━━━ SOURCE INFORMATION

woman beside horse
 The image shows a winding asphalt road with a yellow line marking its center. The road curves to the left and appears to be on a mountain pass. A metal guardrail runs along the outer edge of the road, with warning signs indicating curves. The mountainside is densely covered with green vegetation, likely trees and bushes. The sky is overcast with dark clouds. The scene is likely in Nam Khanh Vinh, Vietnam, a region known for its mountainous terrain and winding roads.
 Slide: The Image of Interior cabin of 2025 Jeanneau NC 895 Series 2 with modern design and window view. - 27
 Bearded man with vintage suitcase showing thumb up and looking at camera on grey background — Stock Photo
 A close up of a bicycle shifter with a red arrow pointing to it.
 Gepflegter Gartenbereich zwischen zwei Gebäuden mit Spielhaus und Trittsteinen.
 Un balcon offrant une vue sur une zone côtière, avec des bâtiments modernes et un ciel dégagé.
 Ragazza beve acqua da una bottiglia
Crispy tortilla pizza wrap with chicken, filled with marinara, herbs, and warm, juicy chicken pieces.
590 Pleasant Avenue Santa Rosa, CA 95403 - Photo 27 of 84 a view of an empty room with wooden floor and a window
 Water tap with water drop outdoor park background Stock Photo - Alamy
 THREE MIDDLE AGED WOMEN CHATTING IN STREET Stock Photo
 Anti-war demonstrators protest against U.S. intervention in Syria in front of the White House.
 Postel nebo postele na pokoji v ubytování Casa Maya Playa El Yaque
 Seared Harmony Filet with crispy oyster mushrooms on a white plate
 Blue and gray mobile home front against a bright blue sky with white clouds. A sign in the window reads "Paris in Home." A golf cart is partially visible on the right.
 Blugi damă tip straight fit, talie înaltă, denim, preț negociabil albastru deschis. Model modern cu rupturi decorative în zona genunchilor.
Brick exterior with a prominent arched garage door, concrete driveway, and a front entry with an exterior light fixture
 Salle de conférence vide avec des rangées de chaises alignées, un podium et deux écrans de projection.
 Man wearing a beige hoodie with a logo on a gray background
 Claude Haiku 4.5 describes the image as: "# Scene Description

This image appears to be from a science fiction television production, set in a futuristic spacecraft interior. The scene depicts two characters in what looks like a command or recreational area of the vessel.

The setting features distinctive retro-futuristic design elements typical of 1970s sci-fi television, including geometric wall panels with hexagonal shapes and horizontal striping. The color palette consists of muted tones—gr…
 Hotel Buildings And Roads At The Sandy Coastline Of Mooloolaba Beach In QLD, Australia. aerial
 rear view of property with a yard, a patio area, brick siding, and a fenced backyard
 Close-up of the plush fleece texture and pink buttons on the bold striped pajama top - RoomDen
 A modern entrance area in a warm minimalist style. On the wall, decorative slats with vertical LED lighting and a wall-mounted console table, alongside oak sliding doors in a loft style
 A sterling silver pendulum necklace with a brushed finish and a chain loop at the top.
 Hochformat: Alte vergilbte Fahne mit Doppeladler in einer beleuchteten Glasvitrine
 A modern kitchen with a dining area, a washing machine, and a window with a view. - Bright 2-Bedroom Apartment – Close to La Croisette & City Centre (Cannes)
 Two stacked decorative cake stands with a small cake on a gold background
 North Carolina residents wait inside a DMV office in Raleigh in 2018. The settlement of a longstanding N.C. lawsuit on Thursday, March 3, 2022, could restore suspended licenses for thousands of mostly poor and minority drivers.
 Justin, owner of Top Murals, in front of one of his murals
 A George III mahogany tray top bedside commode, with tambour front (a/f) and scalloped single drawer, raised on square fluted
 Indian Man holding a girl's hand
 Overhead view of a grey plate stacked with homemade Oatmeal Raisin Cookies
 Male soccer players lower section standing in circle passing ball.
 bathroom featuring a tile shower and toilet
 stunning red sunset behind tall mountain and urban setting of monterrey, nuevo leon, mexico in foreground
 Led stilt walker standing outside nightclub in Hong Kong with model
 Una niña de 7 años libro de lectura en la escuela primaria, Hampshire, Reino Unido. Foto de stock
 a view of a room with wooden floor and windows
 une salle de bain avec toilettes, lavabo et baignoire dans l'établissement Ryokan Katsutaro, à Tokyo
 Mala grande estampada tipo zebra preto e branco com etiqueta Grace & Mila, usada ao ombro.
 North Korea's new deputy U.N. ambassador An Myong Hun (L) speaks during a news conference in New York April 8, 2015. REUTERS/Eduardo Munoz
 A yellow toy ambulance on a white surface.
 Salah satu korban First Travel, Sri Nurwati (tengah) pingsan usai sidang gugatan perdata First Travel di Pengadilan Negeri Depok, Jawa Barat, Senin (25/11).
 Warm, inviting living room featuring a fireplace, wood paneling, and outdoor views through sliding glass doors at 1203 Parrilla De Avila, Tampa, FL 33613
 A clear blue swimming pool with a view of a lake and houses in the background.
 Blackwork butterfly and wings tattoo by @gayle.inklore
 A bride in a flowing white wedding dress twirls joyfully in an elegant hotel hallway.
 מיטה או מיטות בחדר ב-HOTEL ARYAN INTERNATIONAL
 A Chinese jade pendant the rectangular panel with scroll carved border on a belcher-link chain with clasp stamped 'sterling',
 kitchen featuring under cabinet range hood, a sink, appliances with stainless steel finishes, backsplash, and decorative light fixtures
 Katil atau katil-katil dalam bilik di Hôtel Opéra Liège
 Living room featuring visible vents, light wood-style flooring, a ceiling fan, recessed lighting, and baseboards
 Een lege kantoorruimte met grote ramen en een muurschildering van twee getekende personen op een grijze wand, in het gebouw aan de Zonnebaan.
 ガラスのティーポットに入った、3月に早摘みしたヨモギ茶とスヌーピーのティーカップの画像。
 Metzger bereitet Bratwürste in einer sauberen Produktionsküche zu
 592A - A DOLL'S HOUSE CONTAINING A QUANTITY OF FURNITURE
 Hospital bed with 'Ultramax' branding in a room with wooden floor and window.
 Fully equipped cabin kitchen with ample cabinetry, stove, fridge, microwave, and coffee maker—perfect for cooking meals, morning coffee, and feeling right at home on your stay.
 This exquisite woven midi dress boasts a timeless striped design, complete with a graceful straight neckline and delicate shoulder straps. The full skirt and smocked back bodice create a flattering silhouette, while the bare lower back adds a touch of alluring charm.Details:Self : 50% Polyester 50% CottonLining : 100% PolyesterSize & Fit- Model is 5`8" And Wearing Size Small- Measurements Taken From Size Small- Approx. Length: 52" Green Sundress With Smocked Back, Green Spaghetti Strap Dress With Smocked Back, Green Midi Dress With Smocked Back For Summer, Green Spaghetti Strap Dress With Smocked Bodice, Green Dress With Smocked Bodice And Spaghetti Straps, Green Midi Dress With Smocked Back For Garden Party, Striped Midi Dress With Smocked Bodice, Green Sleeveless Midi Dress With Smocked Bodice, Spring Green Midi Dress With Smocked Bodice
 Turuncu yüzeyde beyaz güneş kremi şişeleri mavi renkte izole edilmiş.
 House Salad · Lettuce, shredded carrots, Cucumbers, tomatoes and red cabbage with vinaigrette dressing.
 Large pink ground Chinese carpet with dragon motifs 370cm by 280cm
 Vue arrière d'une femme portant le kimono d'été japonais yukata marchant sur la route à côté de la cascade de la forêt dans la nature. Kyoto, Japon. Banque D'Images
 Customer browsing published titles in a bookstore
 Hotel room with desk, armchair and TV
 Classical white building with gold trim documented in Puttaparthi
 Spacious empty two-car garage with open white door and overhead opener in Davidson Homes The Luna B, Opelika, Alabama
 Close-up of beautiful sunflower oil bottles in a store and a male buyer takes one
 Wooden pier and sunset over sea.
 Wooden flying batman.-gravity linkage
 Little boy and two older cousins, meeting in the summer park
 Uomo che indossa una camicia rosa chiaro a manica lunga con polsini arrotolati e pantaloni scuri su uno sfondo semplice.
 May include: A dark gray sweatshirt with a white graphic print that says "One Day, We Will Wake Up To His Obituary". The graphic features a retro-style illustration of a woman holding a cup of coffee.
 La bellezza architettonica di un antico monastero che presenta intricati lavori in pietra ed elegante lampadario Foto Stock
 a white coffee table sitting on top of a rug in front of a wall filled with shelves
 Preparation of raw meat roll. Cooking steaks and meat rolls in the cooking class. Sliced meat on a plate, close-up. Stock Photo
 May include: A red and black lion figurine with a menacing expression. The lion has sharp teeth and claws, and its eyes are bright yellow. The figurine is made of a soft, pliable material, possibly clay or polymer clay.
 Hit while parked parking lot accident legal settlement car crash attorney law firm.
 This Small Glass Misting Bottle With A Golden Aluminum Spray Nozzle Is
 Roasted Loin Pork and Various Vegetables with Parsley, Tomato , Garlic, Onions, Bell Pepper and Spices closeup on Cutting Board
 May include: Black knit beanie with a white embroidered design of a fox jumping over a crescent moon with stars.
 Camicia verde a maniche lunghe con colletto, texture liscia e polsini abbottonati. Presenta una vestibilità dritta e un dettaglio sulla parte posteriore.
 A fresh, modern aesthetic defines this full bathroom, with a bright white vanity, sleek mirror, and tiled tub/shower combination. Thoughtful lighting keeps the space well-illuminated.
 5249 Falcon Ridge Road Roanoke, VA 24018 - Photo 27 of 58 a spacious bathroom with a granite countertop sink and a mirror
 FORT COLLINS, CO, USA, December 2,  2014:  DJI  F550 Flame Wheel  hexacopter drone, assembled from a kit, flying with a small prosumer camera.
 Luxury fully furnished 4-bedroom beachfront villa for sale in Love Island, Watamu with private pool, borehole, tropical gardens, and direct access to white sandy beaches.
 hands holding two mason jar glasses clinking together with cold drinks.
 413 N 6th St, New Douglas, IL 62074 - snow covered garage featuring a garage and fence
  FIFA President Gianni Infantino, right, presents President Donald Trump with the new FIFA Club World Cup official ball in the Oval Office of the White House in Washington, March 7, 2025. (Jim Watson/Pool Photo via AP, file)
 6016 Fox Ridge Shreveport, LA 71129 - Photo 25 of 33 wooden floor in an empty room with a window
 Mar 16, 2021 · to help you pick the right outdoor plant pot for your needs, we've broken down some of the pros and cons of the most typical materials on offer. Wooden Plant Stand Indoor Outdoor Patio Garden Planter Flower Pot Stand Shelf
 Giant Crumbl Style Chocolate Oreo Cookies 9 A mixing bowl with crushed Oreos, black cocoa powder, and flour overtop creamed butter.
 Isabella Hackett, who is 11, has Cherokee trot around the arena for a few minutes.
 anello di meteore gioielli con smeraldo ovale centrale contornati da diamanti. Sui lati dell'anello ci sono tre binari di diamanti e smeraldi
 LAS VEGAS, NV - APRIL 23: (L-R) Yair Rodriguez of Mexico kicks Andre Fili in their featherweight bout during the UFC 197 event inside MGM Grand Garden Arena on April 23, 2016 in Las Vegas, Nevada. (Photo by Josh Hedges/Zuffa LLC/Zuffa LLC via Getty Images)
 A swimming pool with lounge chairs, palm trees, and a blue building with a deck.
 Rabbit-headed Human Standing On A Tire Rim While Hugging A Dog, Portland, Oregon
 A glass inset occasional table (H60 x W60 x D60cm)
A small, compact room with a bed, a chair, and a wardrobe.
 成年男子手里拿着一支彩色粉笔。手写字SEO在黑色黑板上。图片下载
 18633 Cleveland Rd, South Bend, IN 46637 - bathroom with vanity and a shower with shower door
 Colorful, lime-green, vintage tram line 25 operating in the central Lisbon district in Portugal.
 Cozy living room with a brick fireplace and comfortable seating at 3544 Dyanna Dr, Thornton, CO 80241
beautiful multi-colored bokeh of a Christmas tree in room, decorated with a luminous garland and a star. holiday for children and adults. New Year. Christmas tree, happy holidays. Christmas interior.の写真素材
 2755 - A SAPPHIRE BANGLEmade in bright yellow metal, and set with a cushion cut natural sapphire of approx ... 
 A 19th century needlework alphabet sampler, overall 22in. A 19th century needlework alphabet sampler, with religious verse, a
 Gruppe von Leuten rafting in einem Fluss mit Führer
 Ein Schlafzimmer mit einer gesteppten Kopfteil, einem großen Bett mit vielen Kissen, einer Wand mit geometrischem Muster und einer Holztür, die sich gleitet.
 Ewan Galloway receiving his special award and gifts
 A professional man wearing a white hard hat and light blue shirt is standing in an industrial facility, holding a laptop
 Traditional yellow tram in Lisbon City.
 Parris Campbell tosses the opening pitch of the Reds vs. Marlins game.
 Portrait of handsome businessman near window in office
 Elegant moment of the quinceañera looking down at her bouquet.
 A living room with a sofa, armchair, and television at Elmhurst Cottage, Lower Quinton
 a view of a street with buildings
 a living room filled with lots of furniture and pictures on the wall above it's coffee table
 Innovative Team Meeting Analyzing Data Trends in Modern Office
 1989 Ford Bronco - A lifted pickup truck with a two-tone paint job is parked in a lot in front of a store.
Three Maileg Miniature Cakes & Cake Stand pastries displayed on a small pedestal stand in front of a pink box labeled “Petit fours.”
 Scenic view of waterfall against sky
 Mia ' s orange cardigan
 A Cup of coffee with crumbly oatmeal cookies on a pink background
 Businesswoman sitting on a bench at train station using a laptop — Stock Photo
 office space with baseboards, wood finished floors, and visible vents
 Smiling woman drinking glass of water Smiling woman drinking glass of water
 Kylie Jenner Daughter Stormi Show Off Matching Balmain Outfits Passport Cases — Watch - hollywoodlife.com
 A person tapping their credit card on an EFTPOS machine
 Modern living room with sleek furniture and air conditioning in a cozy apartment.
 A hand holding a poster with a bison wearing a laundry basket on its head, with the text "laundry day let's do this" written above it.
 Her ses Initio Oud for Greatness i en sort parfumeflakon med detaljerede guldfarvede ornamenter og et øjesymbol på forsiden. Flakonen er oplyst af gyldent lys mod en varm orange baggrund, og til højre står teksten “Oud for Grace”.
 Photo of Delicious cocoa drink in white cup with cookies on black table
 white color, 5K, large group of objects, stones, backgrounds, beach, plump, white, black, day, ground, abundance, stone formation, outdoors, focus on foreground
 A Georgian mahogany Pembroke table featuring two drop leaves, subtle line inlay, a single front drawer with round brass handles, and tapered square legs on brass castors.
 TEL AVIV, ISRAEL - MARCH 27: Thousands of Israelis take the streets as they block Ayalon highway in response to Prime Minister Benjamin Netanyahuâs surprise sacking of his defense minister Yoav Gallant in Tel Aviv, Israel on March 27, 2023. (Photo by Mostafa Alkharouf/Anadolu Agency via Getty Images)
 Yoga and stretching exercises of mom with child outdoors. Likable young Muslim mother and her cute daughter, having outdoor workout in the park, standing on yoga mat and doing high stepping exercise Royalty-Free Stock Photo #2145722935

━━━━━━

WHAT YOU HAVE TO DO | Retrieve all lines from the data that contain the string "vanity".

YOUR RESPONSE |
 A fresh, modern aesthetic defines this full bathroom, with a bright white vanity, sleek mirror, and tiled tub/shower combination. Thoughtful lighting keeps the space well-illuminated.
 18633 Cleveland Rd, South Bend, IN 46637 - bathroom with vanity and a shower with shower door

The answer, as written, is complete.